Exxon Sets Record; More Was Expected
HOUSTON
Exxon Mobil reported the fattest quarterly operating profit in U.S. corporate history Thursday – $11.68 billion – but took a beating anyway from investors who expected more.
Net income came to $2.22 a share, up from $10.26 billion, or $1.83 a share, a year ago. Revenue rose 40 percent to $138.1 billion. The $11.68 billion topped Exxon Mobil’s own U.S. record of $11.66 billion, in the fourth quarter of last year.
The record-setting results were largely expected, given that crude prices in the second quarter were nearly double what they were a year ago.
But investors expected even bigger profits Thursday, especially after Europe’s Royal Dutch Shell reported a 33 percent jump in second-quarter earnings to $11.6 billion.

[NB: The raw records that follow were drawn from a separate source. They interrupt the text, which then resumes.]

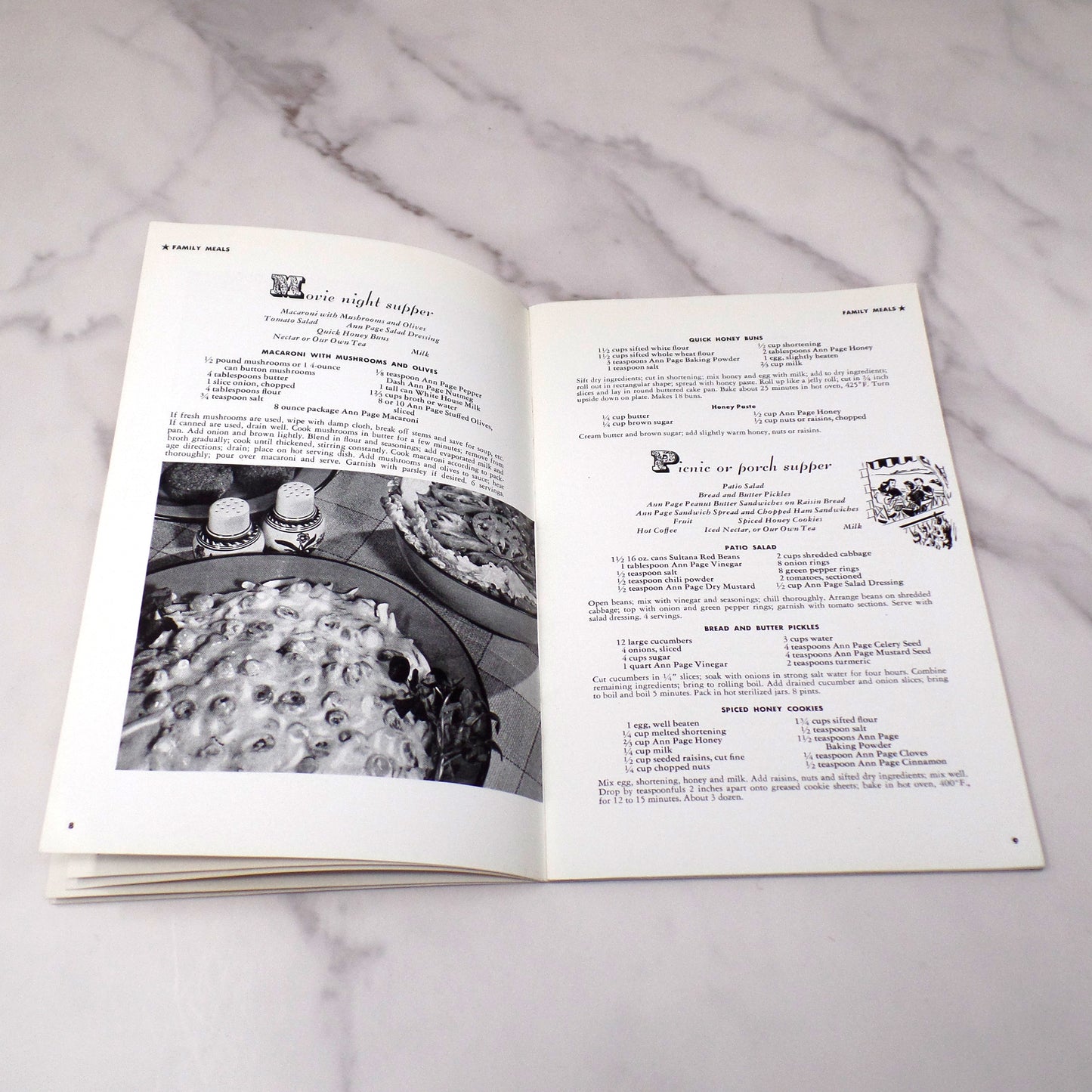 Vintage Booklet, Glamourous Meals for Practical Pocketbooks (1940s)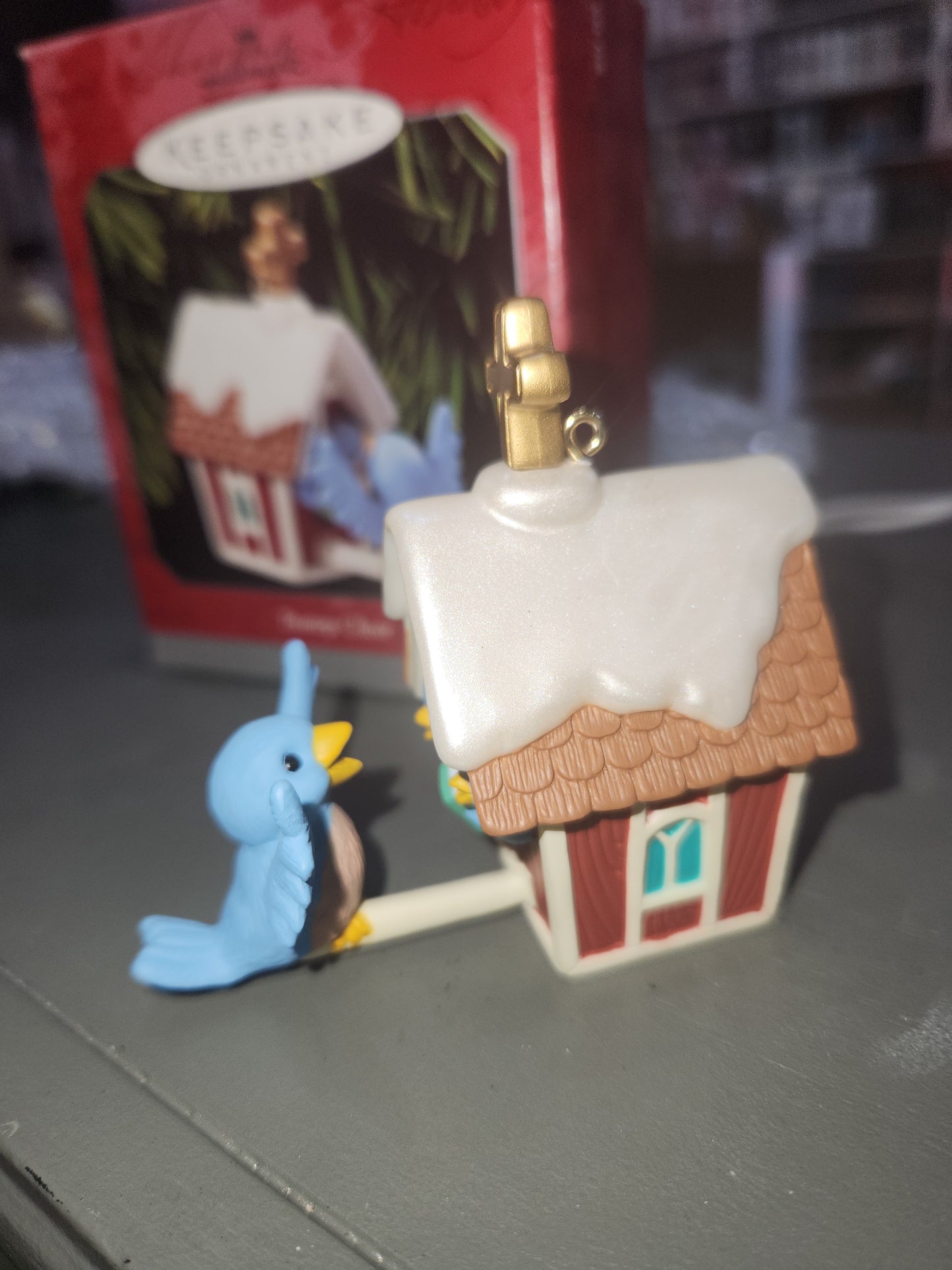 Vintage Hallmark Keepsake Ornament Christmas Tree Treetop Choir Bird Birdhouse 1998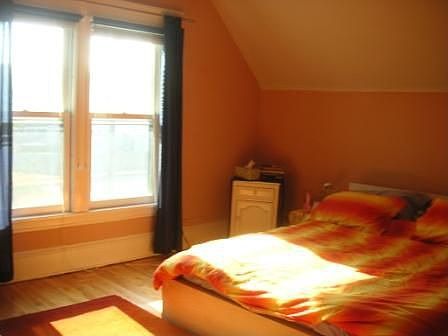 4th image of 2316 26th Ave S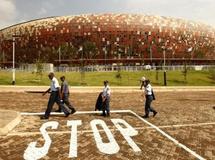 Des policiers patrouillant devant le Soccer City stadium de Johannesburg.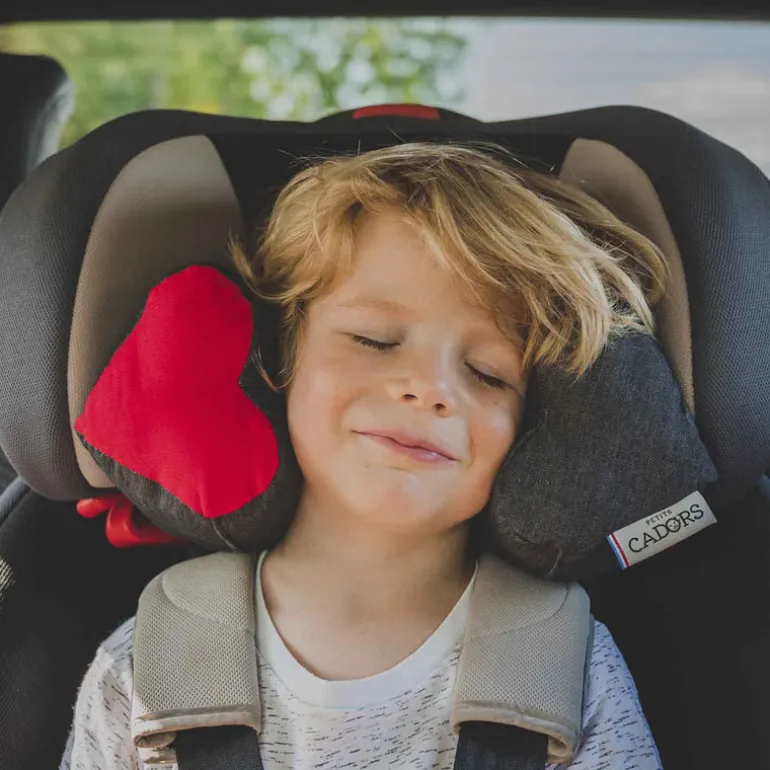 Coussin voiture enfant Téodor - Petits Cadors - Grenadine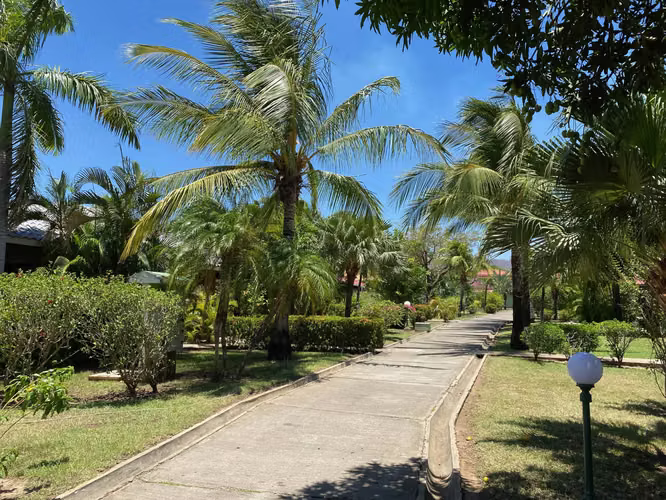 VILLA EXORA EN ALQUILER PLAYA POTRERO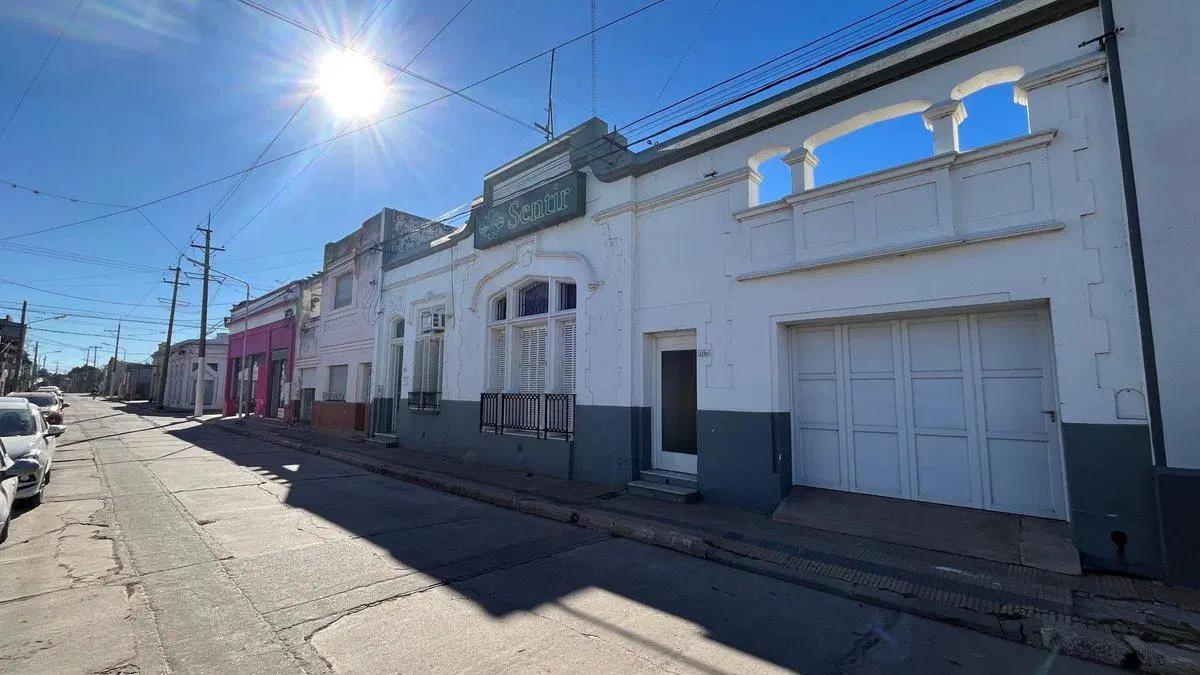 SALÓN COMERCIAL EN VENTA EN EL CENTRO DE CORONDA 2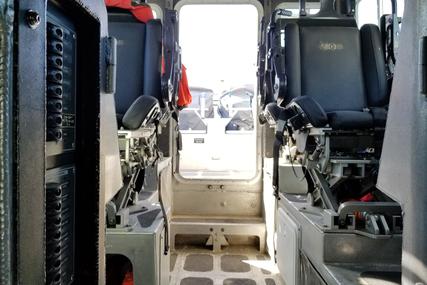 SAFE BOATS 25 Defender Full Cabin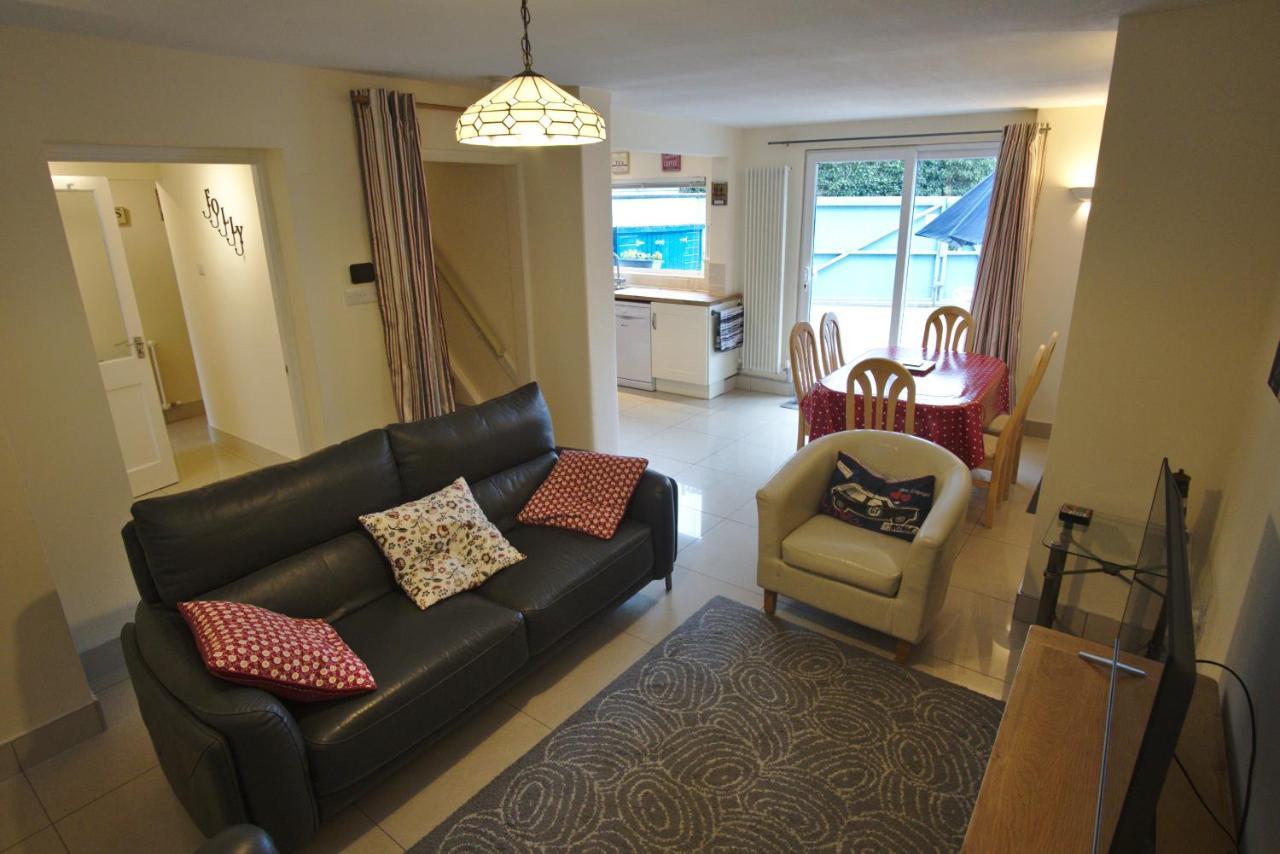 The Folly Villa Bangor  Esterno foto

Exxon Mobil got its biggest boost from exploration and production, where earnings rose to $10.01 billion from $5.95 billion a year ago. But the results revealed a troubling trend at the heart of its business – production slid the most in at least a decade.
Production on an oil-equivalent basis fell 8 percent from a year ago – a blow for a company that generates more than two-thirds of its earnings from oil and gas production.
– The Associated Press
market trading
Exxon Mobil shares fell $2.64, or 3.13 percent, to $81.74 in afternoon trading Thursday.